The state has also awarded the Camden school system $437
million in school construction funds to build 15 schools and
renovate nearly two dozen others over the next decade.
Over the last decade, projects such as the New Jersey State
Aquarium, the Tweeter Center, a minor-league baseball stadium
and, most recently, the renovation of the old RCA Nipper
Building into luxury apartments, have transformed the city's
waterfront.
Cherokee has acquired more than 300 sites across North
America and Western Europe. The company's Elizabeth, N.J.,
affiliate, OENJ Cherokee, capped and developed the 166-acre city
dump there. It is now the site of the $360 million Jersey
Gardens outlet shopping mall, which opened in 1999.
The company is also working to restore a former dump in
Bayonne into a golf course.
Batchelder said Cherokee submitted the Camden proposal to
Primas about three or four months ago. The company had looked at
other sites in the region but was attracted to Cramer Hill
because of its undeveloped waterfront, officials said.
The one-square-mile, 2,500-home area is one of Camden's most
stable neighborhoods. The Harrison landfill is only a section of
the neighborhood, which consists overall of row and semidetached
houses in Camden's eastern section near the Pennsauken border.

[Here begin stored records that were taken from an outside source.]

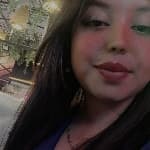 Liz avatar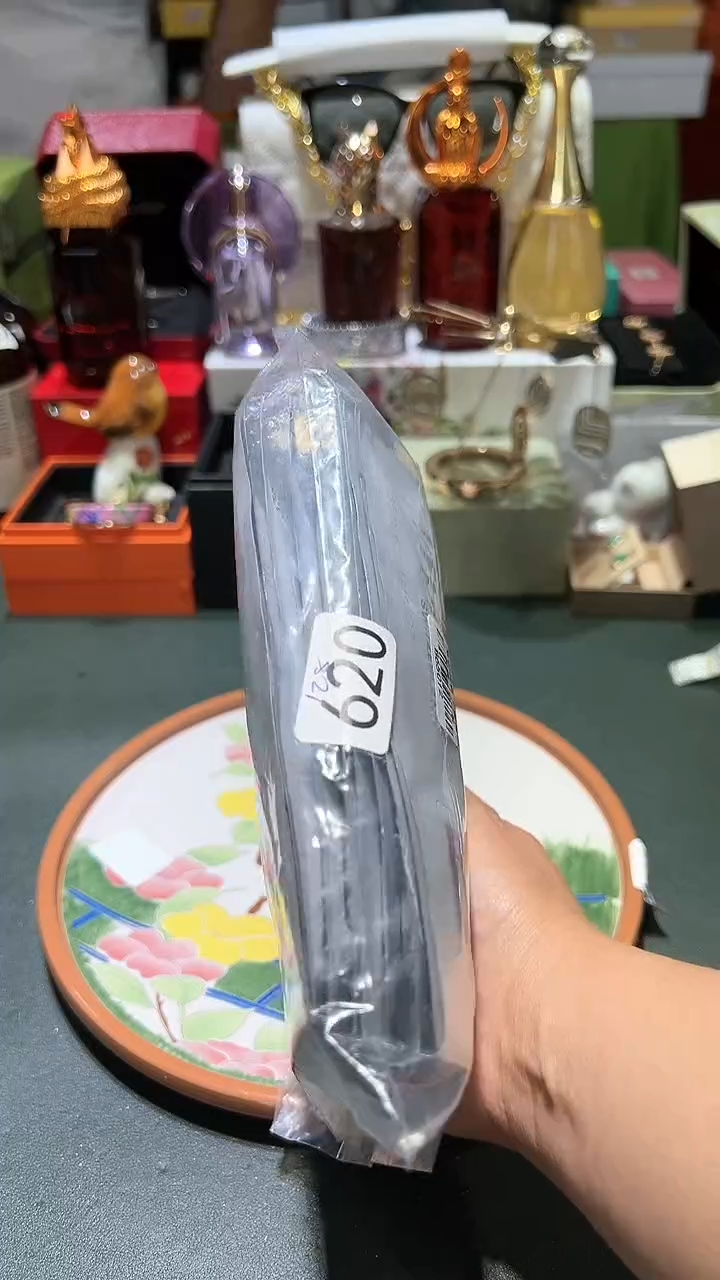 瓷片1111111111111@@1
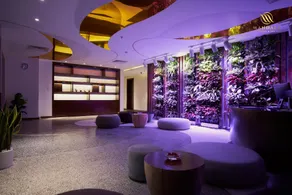 Mandala Hotel & Spa Bac Ninh - Image 4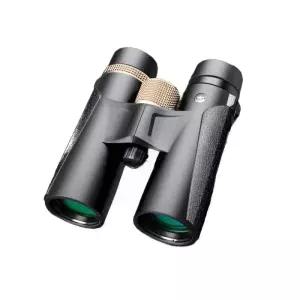 쌍안경 단안 FMC HD Bak4 망원경 조류 10x42 캠핑용 관찰 렌즈 방수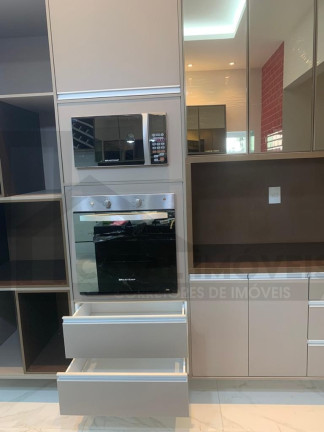 Imagem Casa com 4 Quartos à Venda,  em Bela Vista - Marituba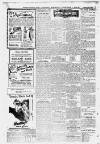 Huddersfield Daily Examiner Wednesday 02 September 1925 Page 2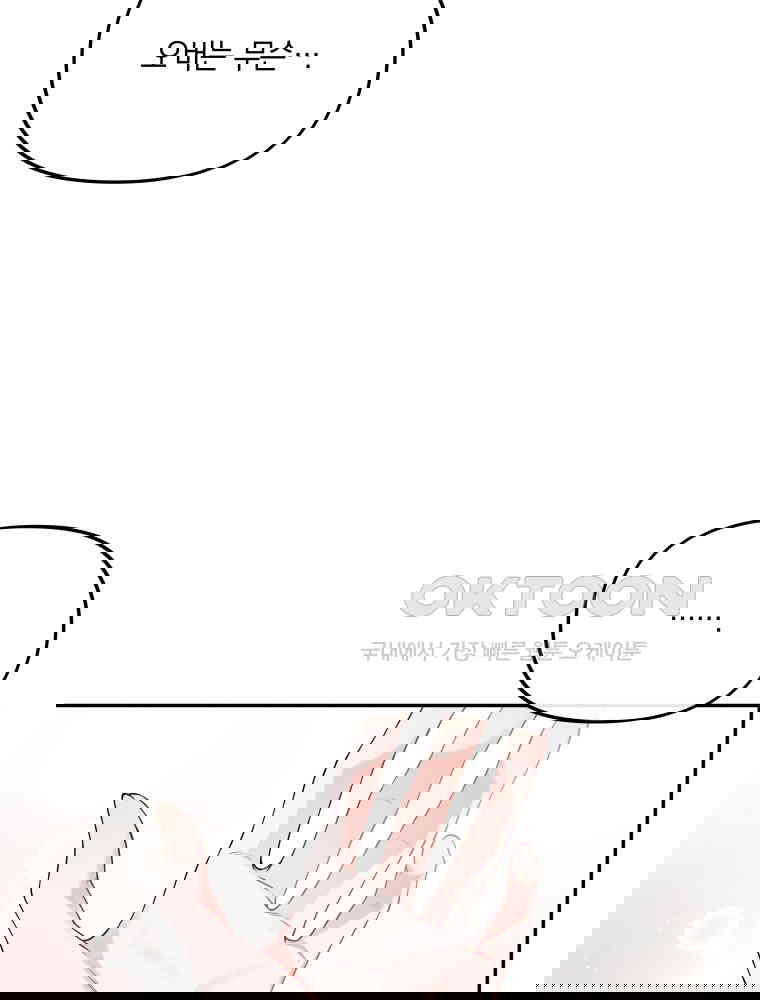 1730590574423ni3lwe9dwzq.jpg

"It's a good shot in the arm," said City Councilman
Ali Sloan El. "It's a great thing as long as the people
benefit instead of the outside contractors and union
workers."
The senior Camden City official was cautiously optimistic.
"Governors have announced projects before that have
never gotten off the ground," the official said, pointing
to former Gov. James Florio's multimillion dollar Camden
initiative in 1993. "They all seemed like they could be
good ideas, but the funding just collapsed."
The Cramer Hill project "all hinges on a whole lot of
work that has to be done," the official said.